## Extracted data
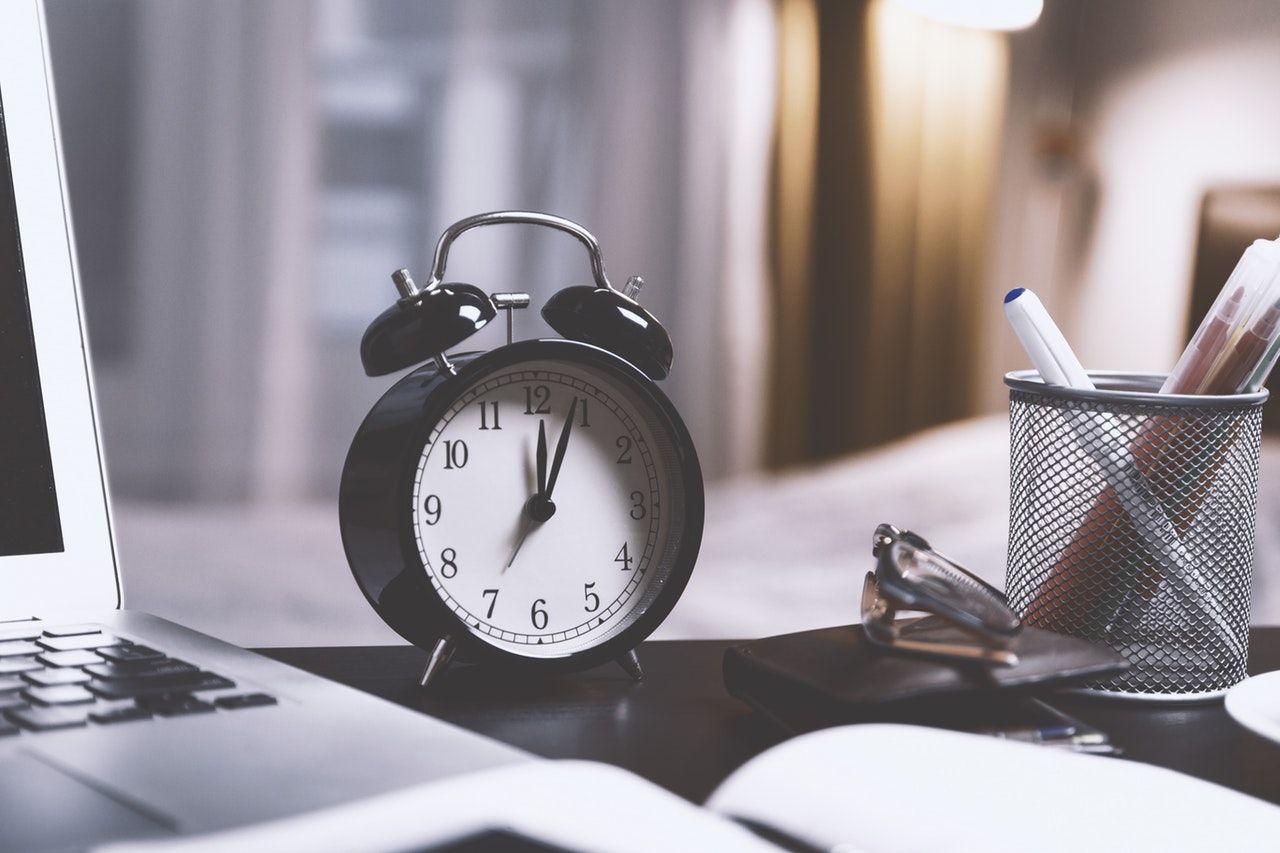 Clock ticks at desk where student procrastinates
==
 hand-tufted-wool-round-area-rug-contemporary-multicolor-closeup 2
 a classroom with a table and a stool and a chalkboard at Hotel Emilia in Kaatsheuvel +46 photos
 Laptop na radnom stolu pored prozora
==
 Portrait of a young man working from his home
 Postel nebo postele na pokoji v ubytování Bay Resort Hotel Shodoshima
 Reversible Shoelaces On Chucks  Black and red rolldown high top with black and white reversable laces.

## Work task
Find and copy each line in the material above where the string "Hotel" occurs.

## Your response
 a classroom with a table and a stool and a chalkboard at Hotel Emilia in Kaatsheuvel +46 photos
 Postel nebo postele na pokoji v ubytování Bay Resort Hotel Shodoshima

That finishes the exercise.